I want to keep the 64, but sort of split it up, and e.g. call the stack
for each 16 packets. Due to cache-size limits...

One approach could be to compare the HW skb->hash to prev packet, and
exit loop if they don't match (and call netstack with this bundle).


> >         mlx5e_handle_csum(netdev, cqe, rq, skb);
> >
> > -       skb->protocol = eth_type_trans(skb, netdev);
> > -  
>
> mlx5e_handle_csum also access the skb->data in is_first_ethertype_ip
> function, but i think it is not interesting since this is not the
> common case,
> e.g: for the none common case of L4 traffic with no HW checksum
> offload you won't benefit from this optimization since we access the
> skb->data to know the L3 header type, and this can be fixed in driver
> code to check the CQE meta data for these fields instead of accessing
> the skb->data, but I will need to look further into that.

Okay, understood.  We should look into this too, but not as top priority.
We can simply move mlx5e_handle_csum() like eth_type_trans().

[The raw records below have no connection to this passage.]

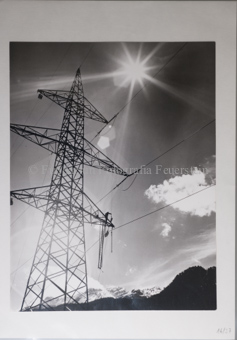 Hochspannungsmasten, Montage der Kabel, mit Wolken im Gegenlicht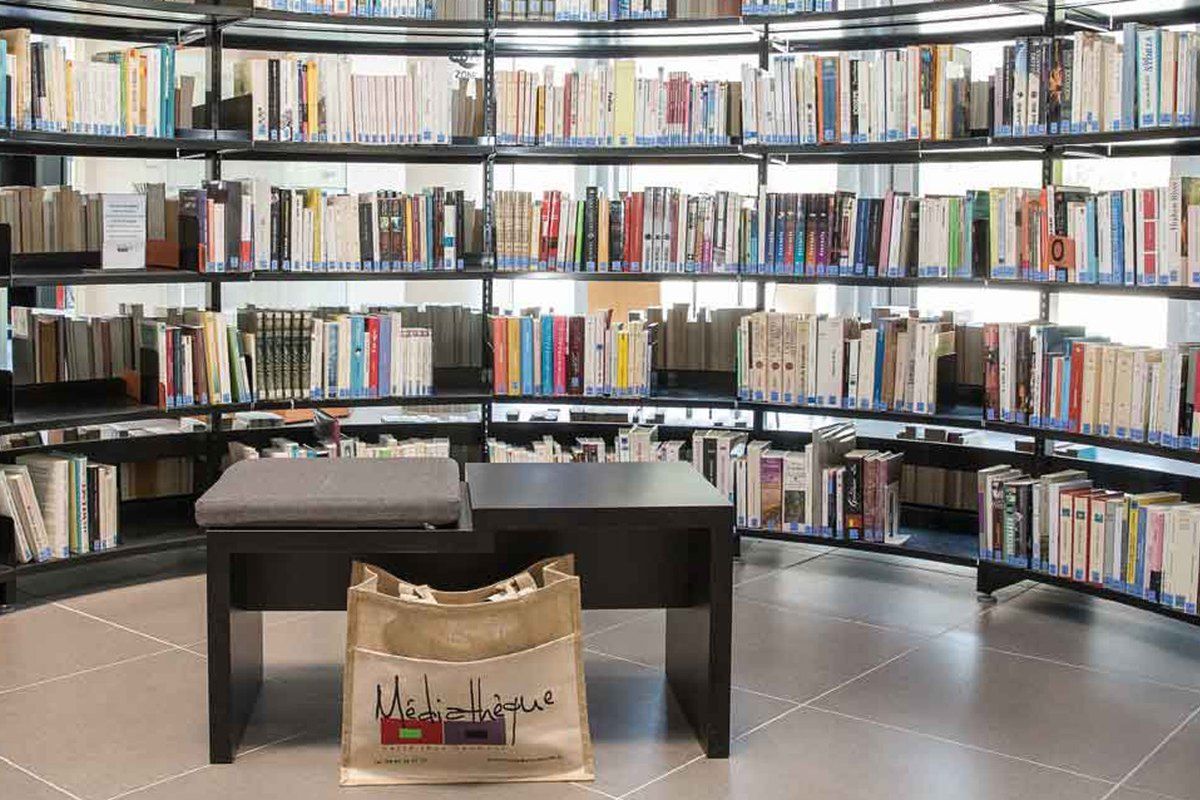 Curved shelves of books around a reading table at the Médiathèque Jehanne Arnaud in Sainte-Maxime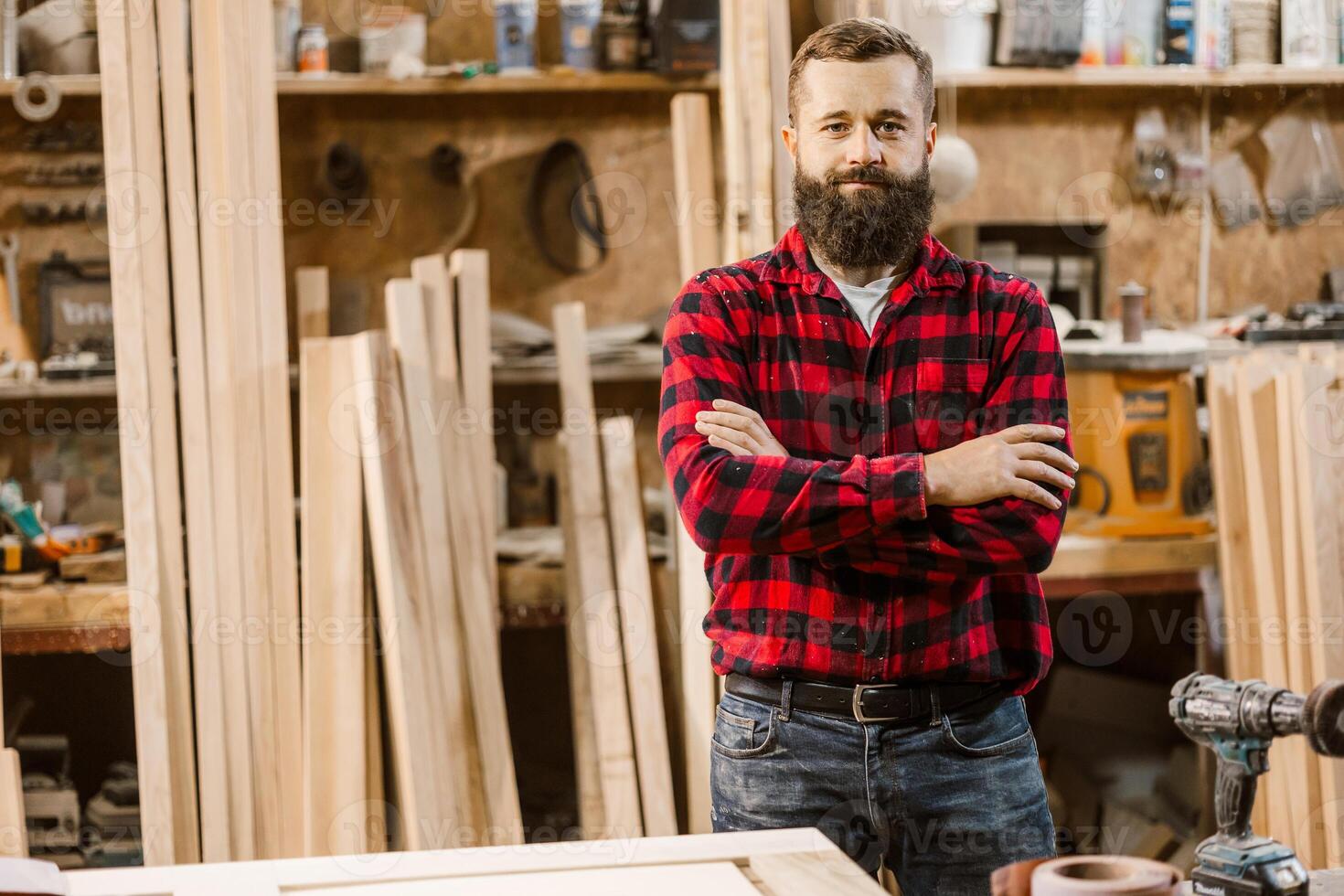 Skilled carpenter poses confidently in a woodworking workshop surrounded by tools and wooden materials photo
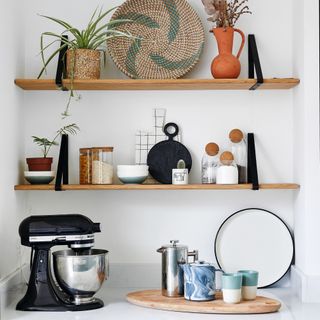 White kitchen worktop and oak shelving furnished with storage containers, trinkets and black KitchenAid stand mixer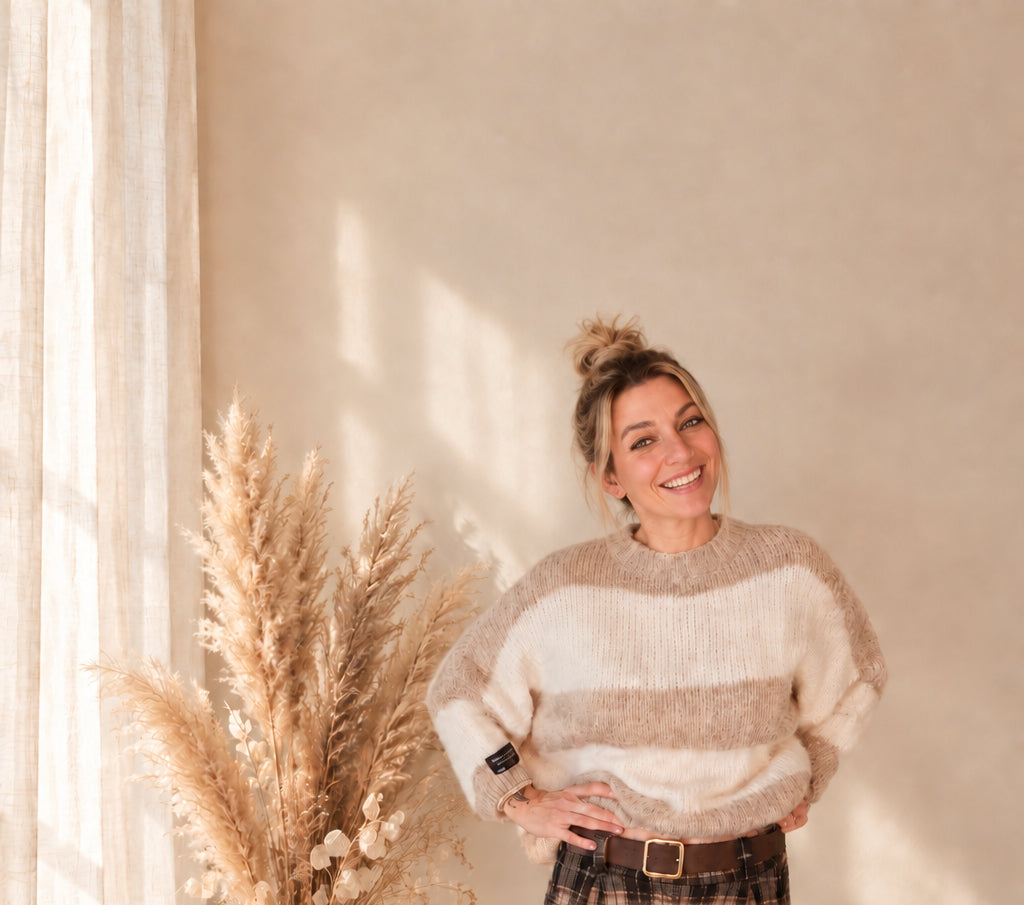 Beige-creme gestreifter Damenpullover mit Rundhalsausschnitt, am Model mit hochgesteckten Haaren und kariertem Rock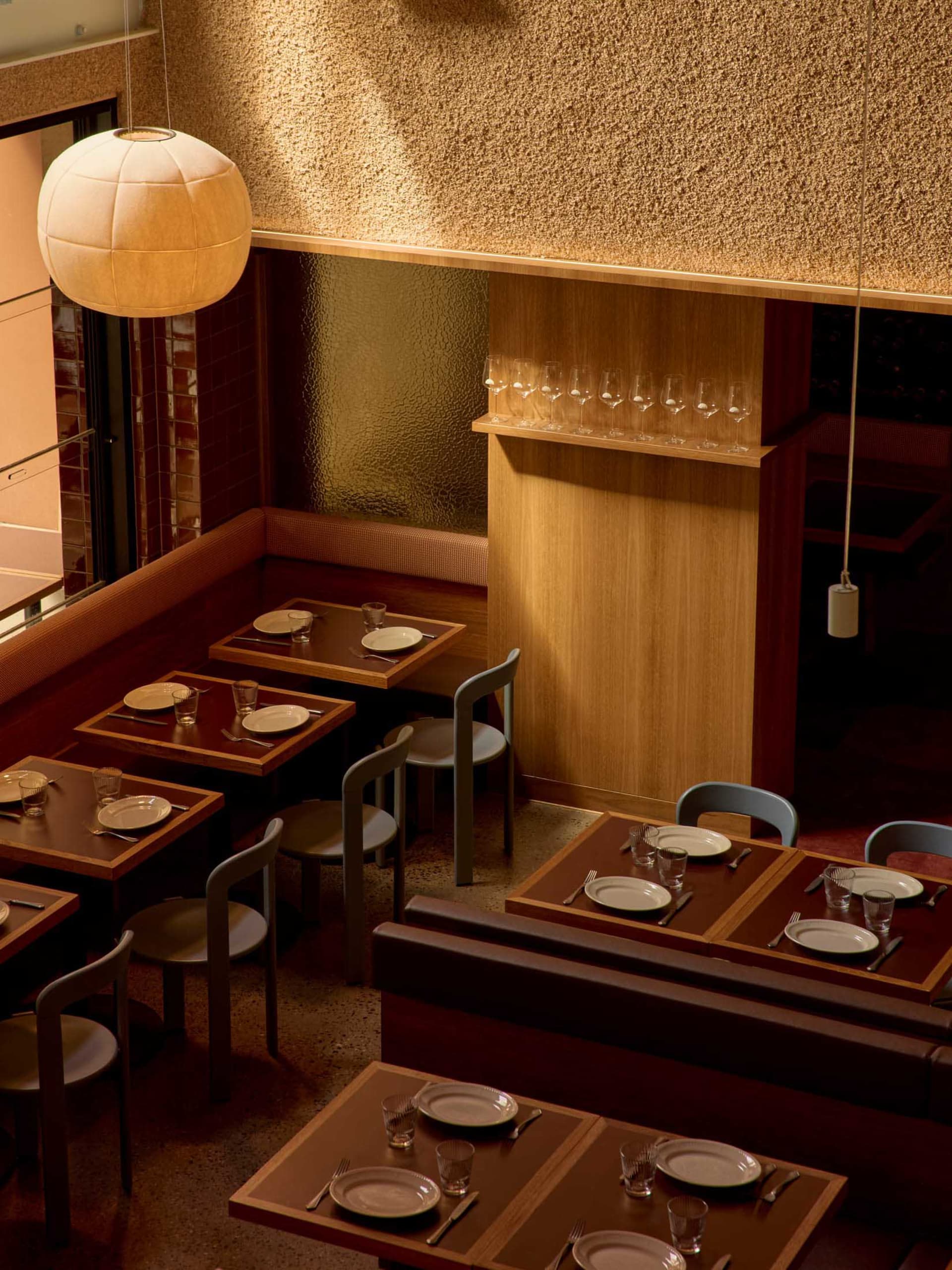 A well-lit restaurant interior with multiple tables, chairs, and wood elements, creating a warm and inviting atmosphere for guests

> > @@ -252,7 +257,6 @@ int mlx5e_poll_rx_cq(struct mlx5e_cq *cq, int budget)
> >                 wqe_counter    = be16_to_cpu(wqe_counter_be);
> >                 wqe            = mlx5_wq_ll_get_wqe(&rq->wq, wqe_counter);
> >                 skb            = rq->skb[wqe_counter];
> > -               prefetch(skb->data);
> >                 rq->skb[wqe_counter] = NULL;
> >
> >                 dma_unmap_single(rq->pdev,
> > @@ -265,16 +269,27 @@ int mlx5e_poll_rx_cq(struct mlx5e_cq *cq, int budget)
> >                         dev_kfree_skb(skb);
> >                         goto wq_ll_pop;
> >                 }
> > +               prefetch(skb->data);  
>
> is this optimal for all CPU archs ?

For some CPU ARCHs the prefetch is compile time removed.

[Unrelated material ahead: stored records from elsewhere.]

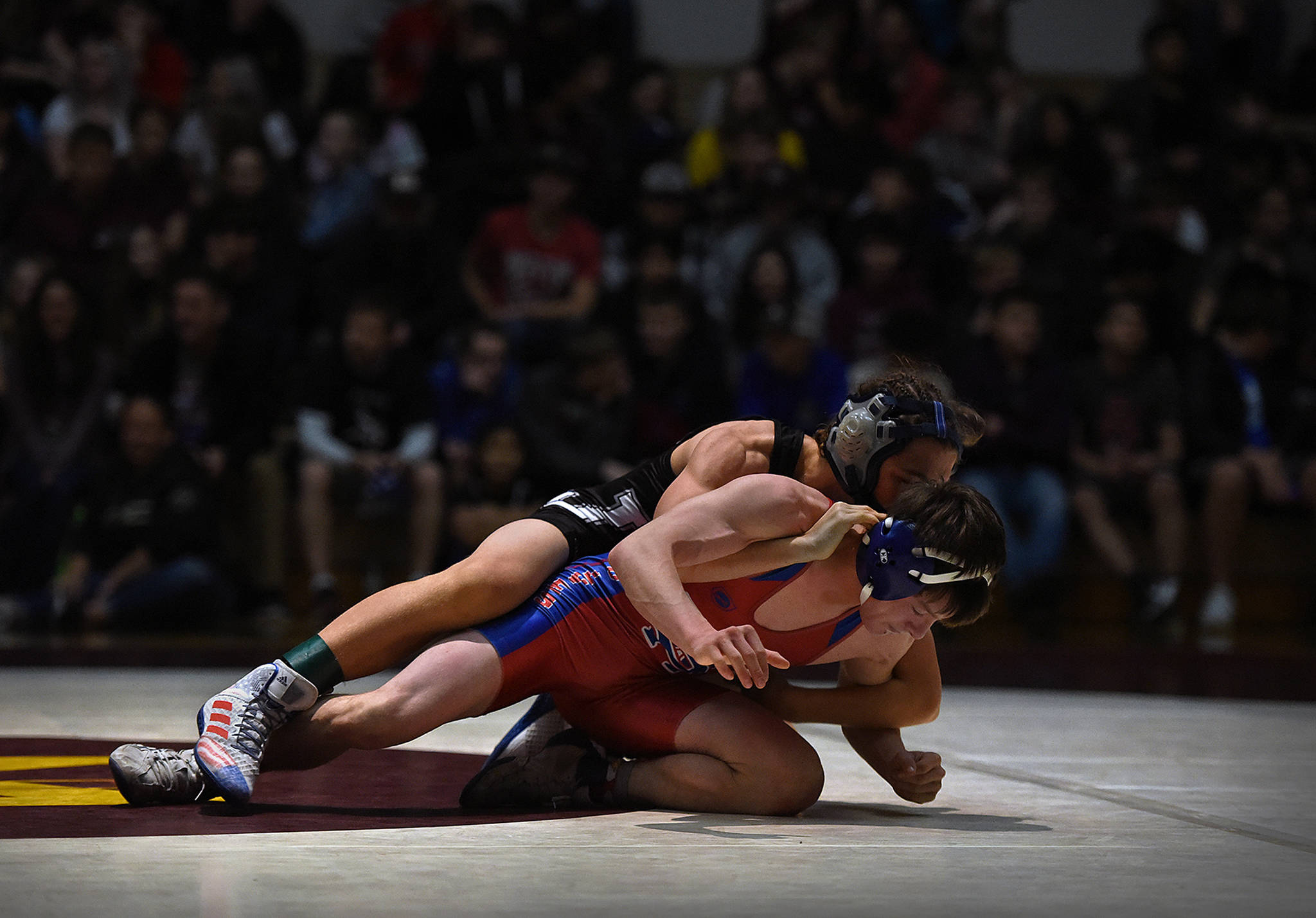 Thunder Mountain High School’s Kadin Messmer works for top position against Sitka High School’s Colton Ewers in the 112-pound finals of the Bill Weiss Invitational at Ketchikan High School on Saturday, Nov. 2, 2019. (Dustin Safranek | Ketchikan Daily News)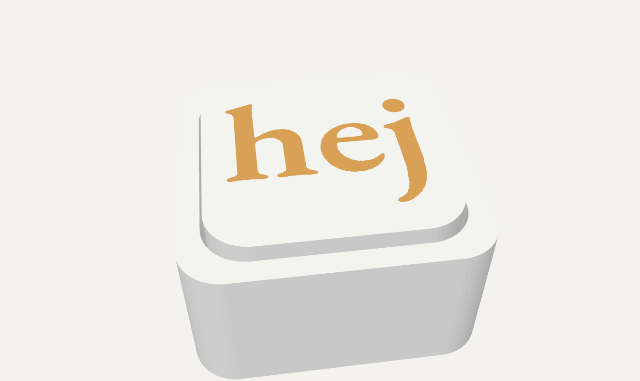 Clicker keychain with a pressable key showing the Hej logo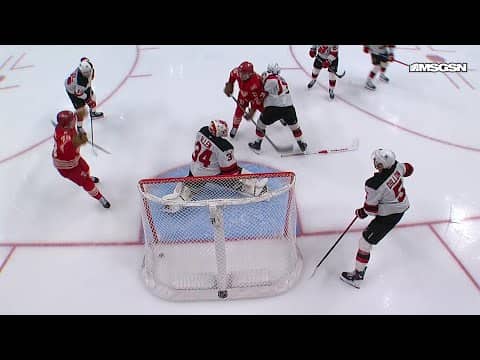 Emmitt Finnie scores a goal against the New Jersey Devils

> is it ok to use up to 64 cache lines at once ?

That is not the problem, using 64 cache-lines * 64 = 4096 bytes.
The BIOS/HW sometime also take next cache line => 8092 bytes.
The problem is also SKB 4x cache-lines clearing = 16384 bytes.

We should of-cause keep this CPU independent, but for Intel SandyBridge
CPUs the optimal prefetch loop size is likely 10.

Quote from Intels optimization manual:
 The L1 DCache can handle multiple outstanding cache misses and continue
 to service incoming stores and loads. Up to 10 requests of missing
 cache lines can be managed simultaneously using the LFB (Line File Buffers).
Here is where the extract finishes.